● **Exercise directions**
Restate verbatim the span of lines below between the line with "TALON BOIS 250mm-12005857" and the line with "Load image into", including those two lines, and only that span.

==== Working data

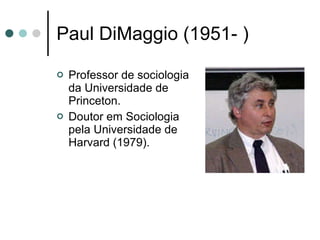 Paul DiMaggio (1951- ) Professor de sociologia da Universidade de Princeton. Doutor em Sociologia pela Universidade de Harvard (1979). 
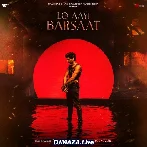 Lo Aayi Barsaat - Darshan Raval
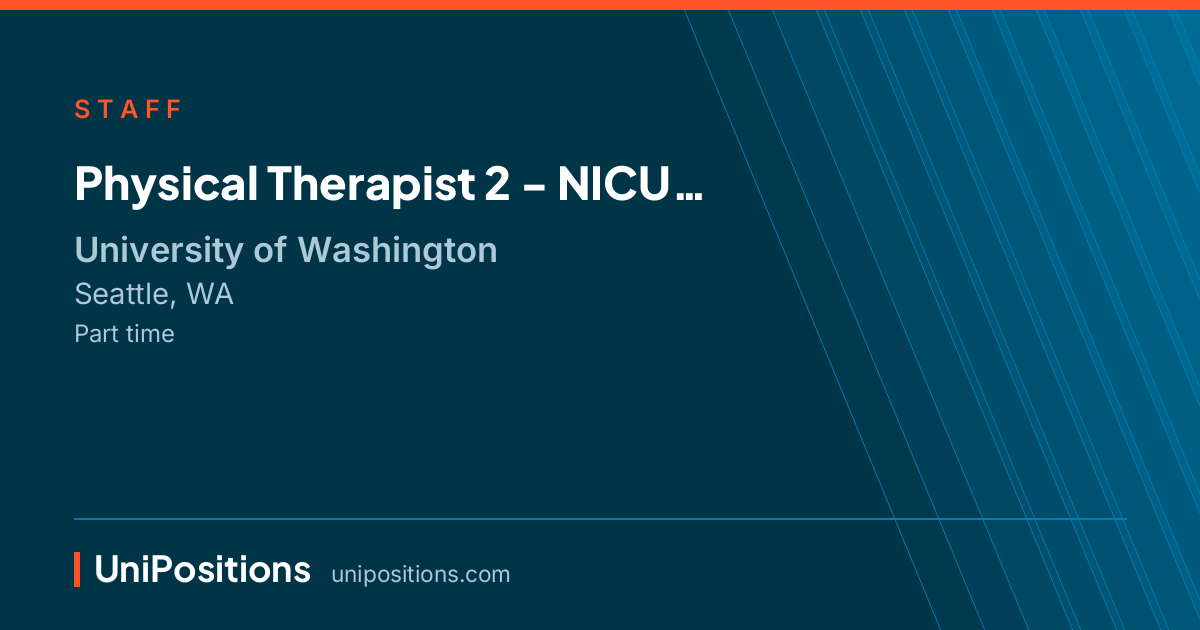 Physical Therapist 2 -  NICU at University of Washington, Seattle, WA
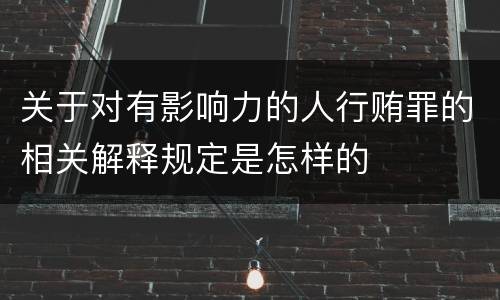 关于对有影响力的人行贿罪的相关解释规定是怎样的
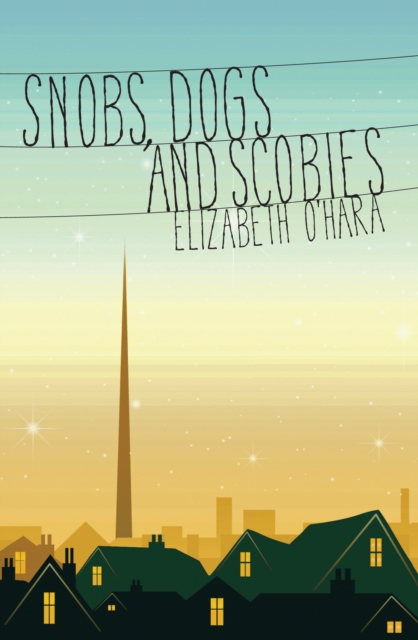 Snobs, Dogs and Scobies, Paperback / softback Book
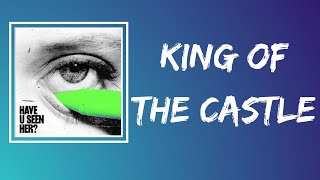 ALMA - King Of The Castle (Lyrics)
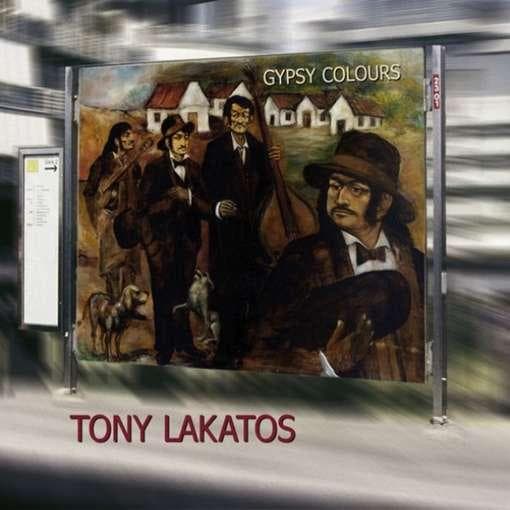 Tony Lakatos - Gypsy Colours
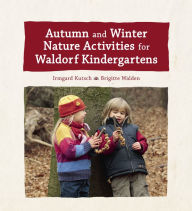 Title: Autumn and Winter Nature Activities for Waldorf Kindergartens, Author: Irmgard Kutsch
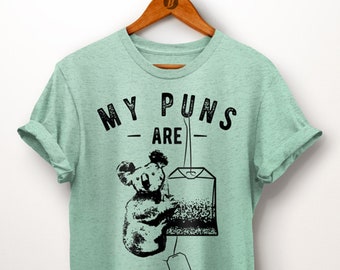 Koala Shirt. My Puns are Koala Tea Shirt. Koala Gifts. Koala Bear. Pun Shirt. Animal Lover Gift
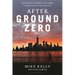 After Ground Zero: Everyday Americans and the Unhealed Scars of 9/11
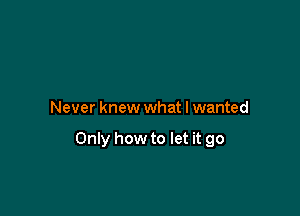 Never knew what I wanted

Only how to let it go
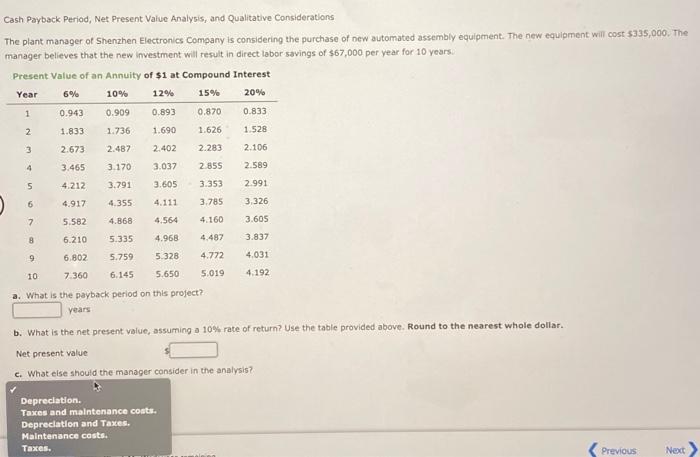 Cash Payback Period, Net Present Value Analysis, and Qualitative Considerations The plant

========
==== Working data

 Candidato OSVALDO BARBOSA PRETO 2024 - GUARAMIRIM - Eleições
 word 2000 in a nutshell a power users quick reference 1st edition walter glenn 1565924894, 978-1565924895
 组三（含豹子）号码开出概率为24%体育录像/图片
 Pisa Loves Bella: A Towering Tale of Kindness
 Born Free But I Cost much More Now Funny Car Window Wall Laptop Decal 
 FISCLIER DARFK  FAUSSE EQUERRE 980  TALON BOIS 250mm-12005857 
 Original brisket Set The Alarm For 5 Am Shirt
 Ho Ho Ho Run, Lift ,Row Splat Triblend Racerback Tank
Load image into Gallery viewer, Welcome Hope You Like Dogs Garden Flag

========
==== Working data

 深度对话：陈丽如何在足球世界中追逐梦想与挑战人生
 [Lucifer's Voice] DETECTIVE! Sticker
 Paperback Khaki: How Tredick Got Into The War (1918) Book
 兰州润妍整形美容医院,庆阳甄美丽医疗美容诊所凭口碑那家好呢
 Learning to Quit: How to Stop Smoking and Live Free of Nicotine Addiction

========

● **Solution for this exercise**
 FISCLIER DARFK  FAUSSE EQUERRE 980  TALON BOIS 250mm-12005857 
 Original brisket Set The Alarm For 5 Am Shirt
 Ho Ho Ho Run, Lift ,Row Splat Triblend Racerback Tank
Load image into Gallery viewer, Welcome Hope You Like Dogs Garden Flag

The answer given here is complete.